I have no problem imagining renewable and storage taking care of baseload. Seasonal storage and winter peaks in cold climates and long distance flight are interesting problems. But meeting the baseload more economically than coal, gas or nuclear? Just roll out more of the tech we already have and which is already saving us money as we roll it out at smaller scales. Every small battery that replaces a horrendously expensive gas peaker plant is one step closer to the goal and generates savings we can spend on the next step.


This seems an unpopular opinion, but maybe we don't need more base load. Maybe we need more on availability load. With all the magic of connected devices, they could cope with varying electricity?


Hearing, maybe refrigeration, in future electric car charging. Beyond that doesn't most load require consistent power?


Of US Commercial electricity use about 40% is refrigeration, cooling, heating, and ventilation which can all time shifted at least intra-day with good building practices.

10% is lighting which realistically can't - you need lights when it's dark.

15% is computers which can sort of load shift because most office computers are now laptops - with good communications systems you can tell laptops how aggressively to charge / whether to run off battery.

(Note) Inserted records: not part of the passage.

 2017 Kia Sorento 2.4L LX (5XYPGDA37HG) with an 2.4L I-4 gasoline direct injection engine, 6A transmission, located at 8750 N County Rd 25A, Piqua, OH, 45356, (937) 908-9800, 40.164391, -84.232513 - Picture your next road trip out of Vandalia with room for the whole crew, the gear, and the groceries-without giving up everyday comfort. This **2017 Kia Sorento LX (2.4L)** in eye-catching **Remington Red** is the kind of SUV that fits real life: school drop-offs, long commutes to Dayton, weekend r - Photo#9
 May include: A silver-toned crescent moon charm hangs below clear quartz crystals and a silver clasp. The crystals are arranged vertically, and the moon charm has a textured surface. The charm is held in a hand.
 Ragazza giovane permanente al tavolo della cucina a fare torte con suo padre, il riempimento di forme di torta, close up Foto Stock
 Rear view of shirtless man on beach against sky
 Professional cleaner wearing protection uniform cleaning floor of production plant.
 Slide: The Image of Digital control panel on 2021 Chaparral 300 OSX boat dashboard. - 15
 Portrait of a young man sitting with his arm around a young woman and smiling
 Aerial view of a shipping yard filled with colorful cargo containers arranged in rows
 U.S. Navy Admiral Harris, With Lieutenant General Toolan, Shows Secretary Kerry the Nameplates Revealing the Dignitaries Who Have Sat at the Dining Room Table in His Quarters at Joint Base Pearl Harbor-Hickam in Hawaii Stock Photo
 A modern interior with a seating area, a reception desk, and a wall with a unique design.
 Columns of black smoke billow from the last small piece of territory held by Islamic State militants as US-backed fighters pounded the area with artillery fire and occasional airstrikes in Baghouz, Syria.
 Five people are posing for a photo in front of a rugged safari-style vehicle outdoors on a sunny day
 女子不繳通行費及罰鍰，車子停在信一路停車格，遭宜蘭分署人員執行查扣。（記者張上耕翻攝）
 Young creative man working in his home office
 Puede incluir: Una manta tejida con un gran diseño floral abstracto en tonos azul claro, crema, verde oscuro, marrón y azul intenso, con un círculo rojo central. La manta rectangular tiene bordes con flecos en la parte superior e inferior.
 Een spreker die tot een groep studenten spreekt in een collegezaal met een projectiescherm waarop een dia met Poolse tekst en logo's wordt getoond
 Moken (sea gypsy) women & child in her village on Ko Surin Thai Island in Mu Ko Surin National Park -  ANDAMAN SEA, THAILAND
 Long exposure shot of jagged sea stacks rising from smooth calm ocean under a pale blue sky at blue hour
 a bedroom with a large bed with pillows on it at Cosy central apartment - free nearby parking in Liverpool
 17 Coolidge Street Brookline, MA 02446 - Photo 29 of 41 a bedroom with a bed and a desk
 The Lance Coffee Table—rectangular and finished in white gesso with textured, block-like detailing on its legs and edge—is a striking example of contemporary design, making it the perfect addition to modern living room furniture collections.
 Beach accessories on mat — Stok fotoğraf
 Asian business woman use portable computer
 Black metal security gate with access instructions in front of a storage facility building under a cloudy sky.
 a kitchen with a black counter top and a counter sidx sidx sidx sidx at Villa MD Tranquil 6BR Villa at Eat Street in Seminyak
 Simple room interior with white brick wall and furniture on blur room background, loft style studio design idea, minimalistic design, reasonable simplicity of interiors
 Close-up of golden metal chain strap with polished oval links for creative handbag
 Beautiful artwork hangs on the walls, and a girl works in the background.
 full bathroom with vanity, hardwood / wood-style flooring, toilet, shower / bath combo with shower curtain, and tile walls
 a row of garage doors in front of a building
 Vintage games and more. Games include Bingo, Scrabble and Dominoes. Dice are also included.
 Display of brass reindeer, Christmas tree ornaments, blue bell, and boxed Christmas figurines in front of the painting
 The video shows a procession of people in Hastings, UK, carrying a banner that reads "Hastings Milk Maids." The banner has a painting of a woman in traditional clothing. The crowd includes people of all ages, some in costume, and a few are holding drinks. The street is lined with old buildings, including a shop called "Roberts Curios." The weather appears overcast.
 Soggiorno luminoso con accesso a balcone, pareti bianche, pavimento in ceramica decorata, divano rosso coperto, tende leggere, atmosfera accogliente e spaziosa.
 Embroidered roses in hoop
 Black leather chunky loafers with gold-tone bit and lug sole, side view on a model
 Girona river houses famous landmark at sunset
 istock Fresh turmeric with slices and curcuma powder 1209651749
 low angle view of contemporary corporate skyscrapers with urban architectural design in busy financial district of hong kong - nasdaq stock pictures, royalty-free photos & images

The rest is "other" quite a lot of which is small electronic devices like tablets and phones charging and then a grab-bag of misc. stuff.

Half of residential electricity is some kind of temperature shifting (heating, cooling, refrigeration, freezers, ventilation).

Essentially with good insulation you can get to a point where you can load shift 50%+ of your electricity consumption on an intra-day basis.

Electric car charging of course is a perfect load to match to renewables as well.

That doesn't solve the issue of inter-day fluctuations - what happens when you have a cloudy, high pressure system sitting over a substantial part of your generation for a week - but it does mean that we can go pretty far. We may have to keep more open-cycle gas around for those times which will have to be funded on a capacity basis.


> ...most office computers are now laptops...

Maybe in SV but not elsewhere. Plus servers that run 24x7 are probably the bulk of that 15%.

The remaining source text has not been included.